■ What needs to be done ■
Aside from the pictures, the entries should be given again exactly.

*** Records supplied ***

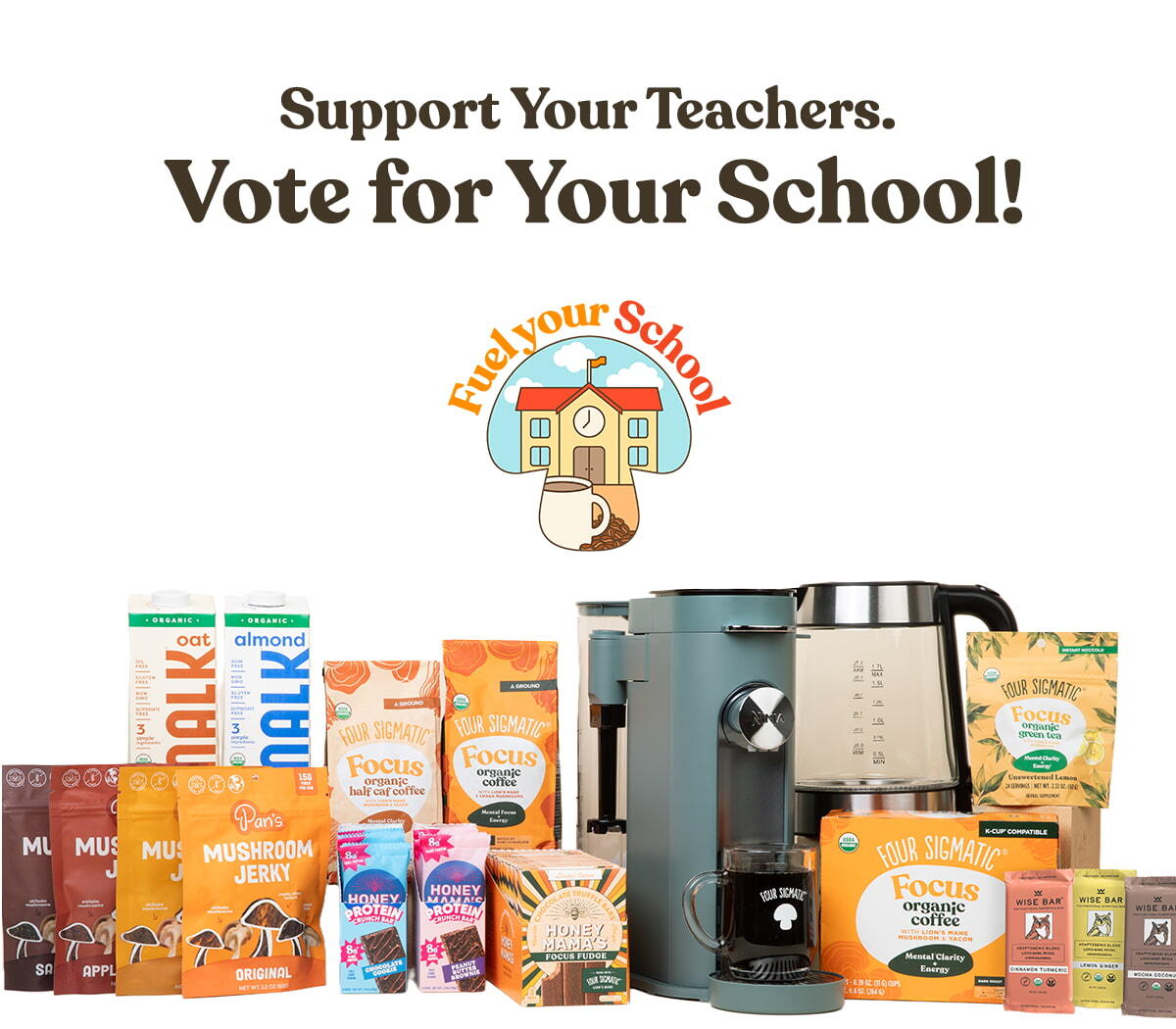 Support Your Teachers, Vote for Your School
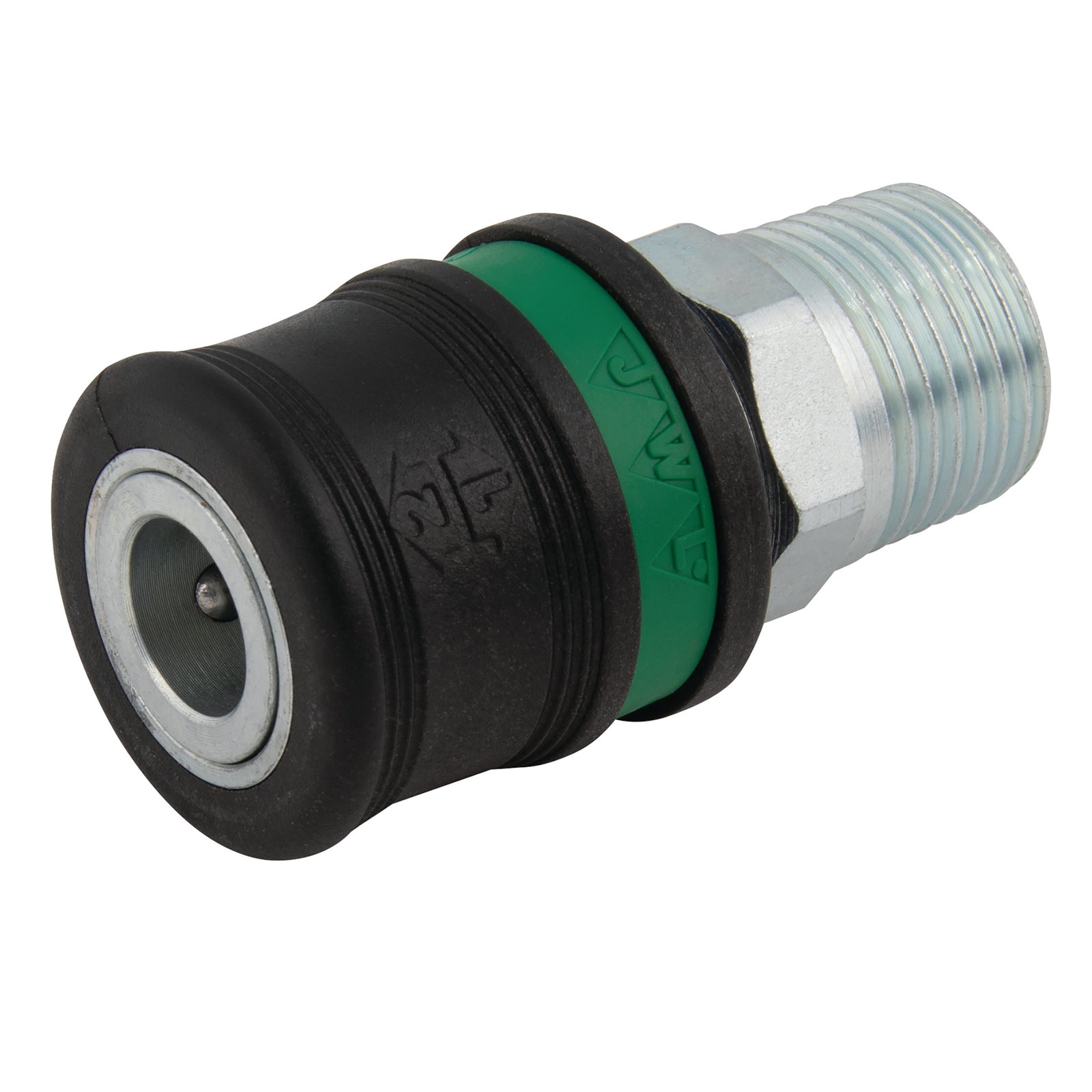 JWL '57001521 - 1/2" BSPT Male Safety Coupling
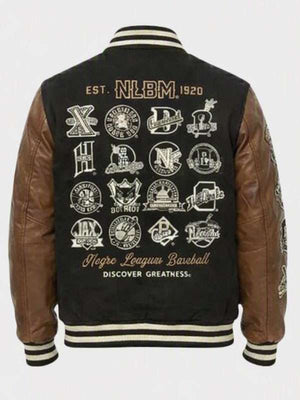 Negro League Vintage Varsity Jacket - back view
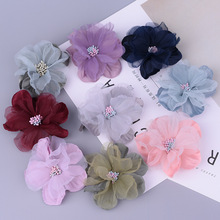 10 шт., 8 цветов, шифоновые мини-цветы для свадебных приглашений, искусственные цветы для украшения платья 2024 - купить недорого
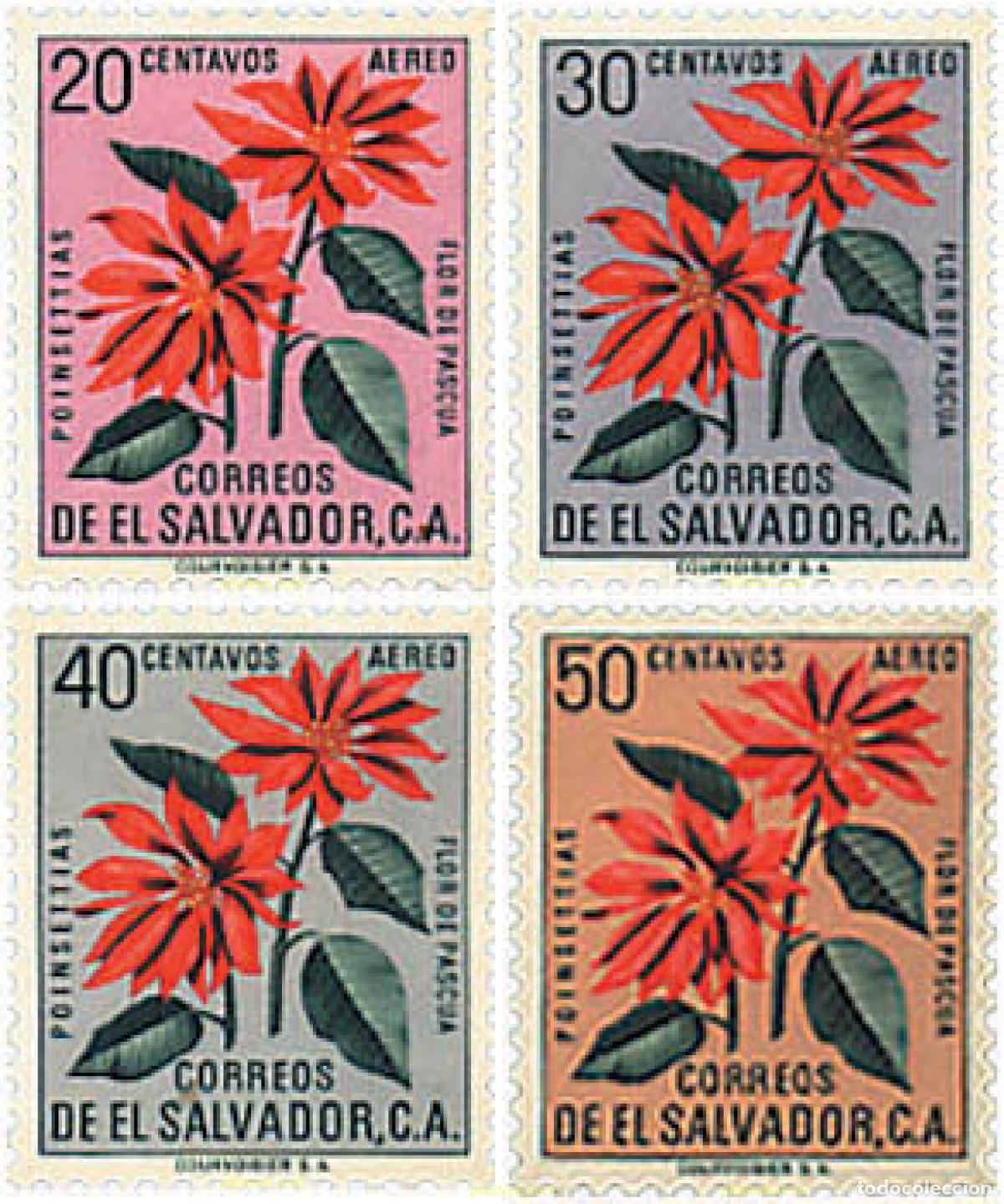 Selos: 718287 MNH EL SALVADOR 1960 FLOR DE NAVIDAD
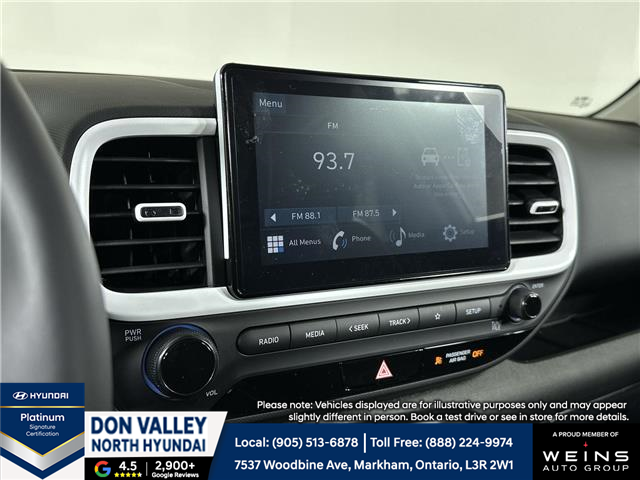 2026 Hyundai Venue Ultimate w/Black Interior (IVT) (Stk: 16105067) in Markham - Image 10 of 19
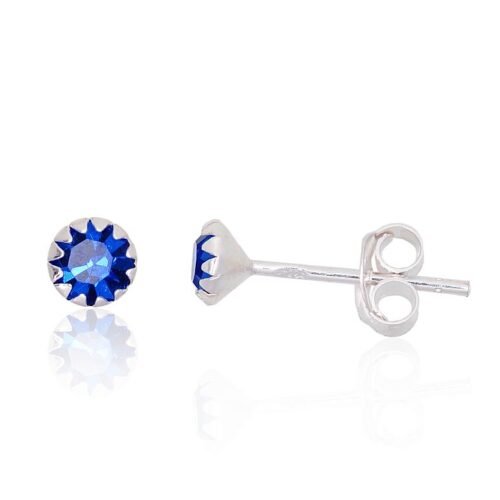 Silver stud earrings with Zirkons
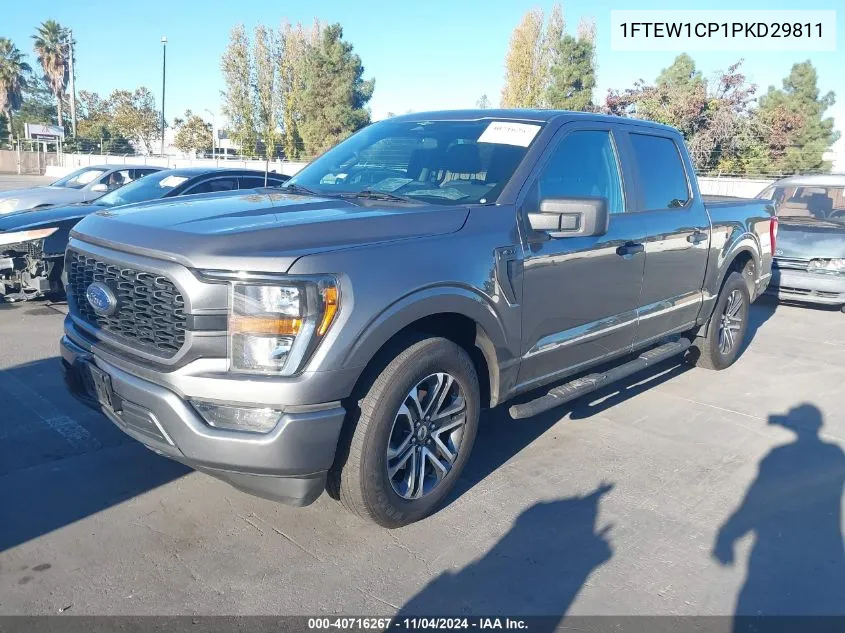 2023 Ford F-150 Xl VIN: 1FTEW1CP1PKD29811 Lot: 40716267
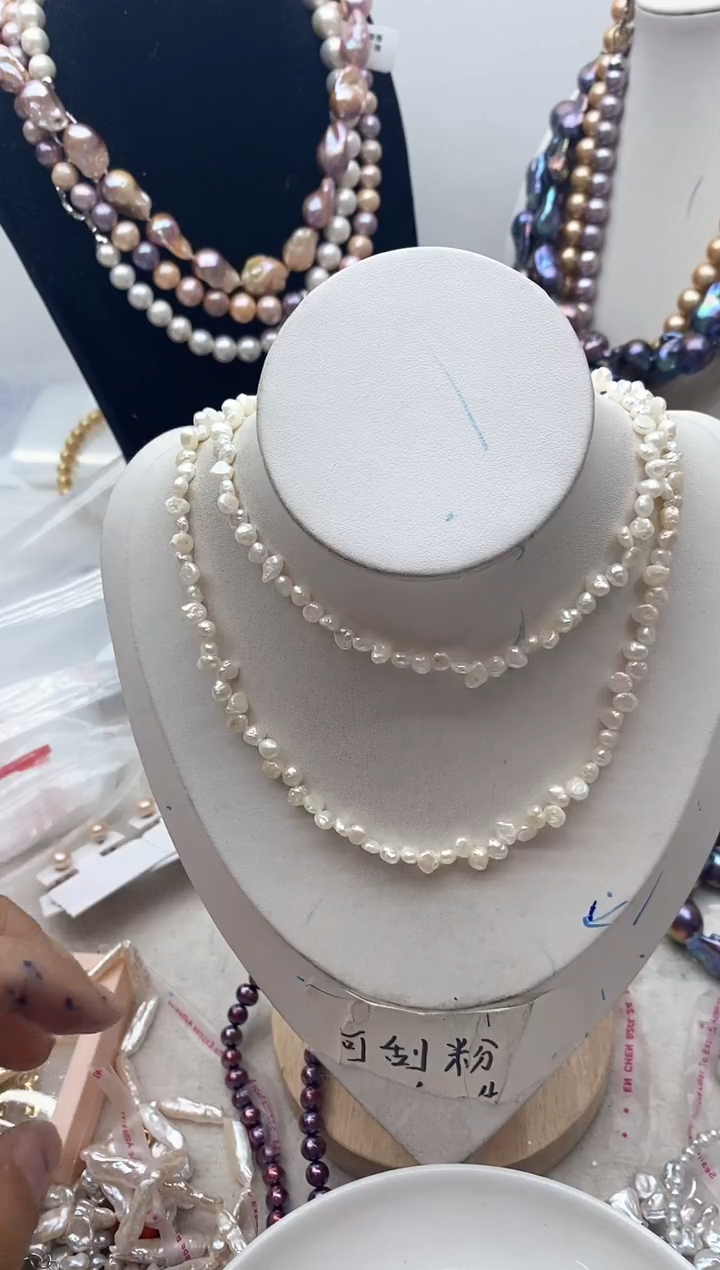 【闪购商品】淡水珍珠颈饰钛钢147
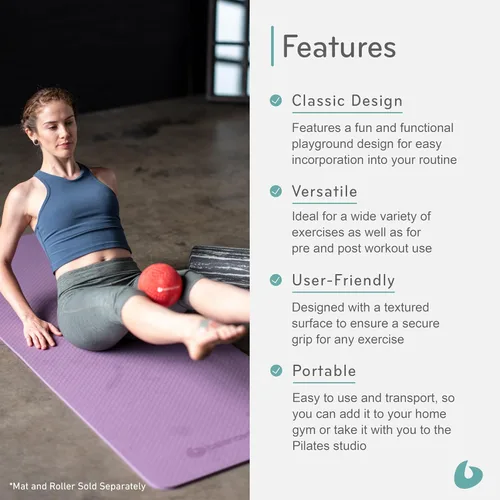 Vista 4 de Balanced Body Bola de juegos, herramienta de masaje y alineación, esfera de ejercicio inflable, 5 pulgadas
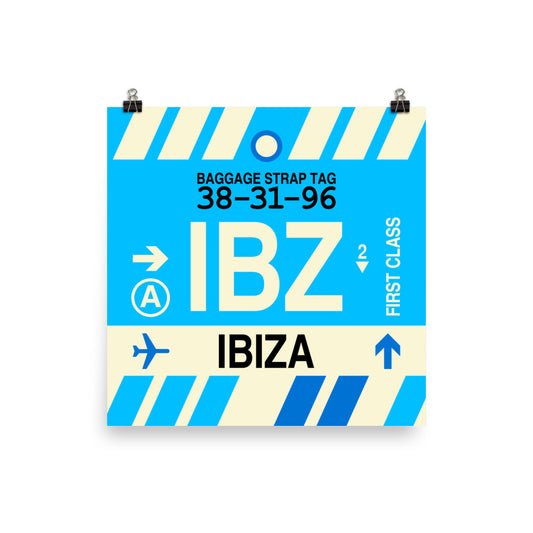 Travel-Themed Poster Print • IBZ Ibiza • YHM Designs - Image 01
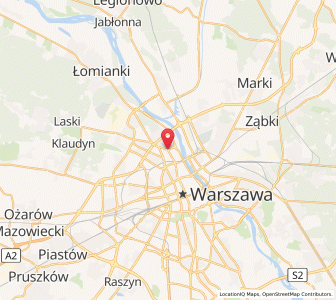 Map of Żoliborz, Mazovia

***

■ Your response ■
 Support Your Teachers, Vote for Your School
 JWL '57001521 - 1/2" BSPT Male Safety Coupling
 Negro League Vintage Varsity Jacket - back view
 10 шт., 8 цветов, шифоновые мини-цветы для свадебных приглашений, искусственные цветы для украшения платья 2024 - купить недорого
 Selos: 718287 MNH EL SALVADOR 1960 FLOR DE NAVIDAD
 2026 Hyundai Venue Ultimate w/Black Interior (IVT) (Stk: 16105067) in Markham - Image 10 of 19
 Silver stud earrings with Zirkons
 2023 Ford F-150 Xl VIN: 1FTEW1CP1PKD29811 Lot: 40716267
 【闪购商品】淡水珍珠颈饰钛钢147
 Vista 4 de Balanced Body Bola de juegos, herramienta de masaje y alineación, esfera de ejercicio inflable, 5 pulgadas
 Travel-Themed Poster Print • IBZ Ibiza • YHM Designs - Image 01
 Map of Żoliborz, Mazovia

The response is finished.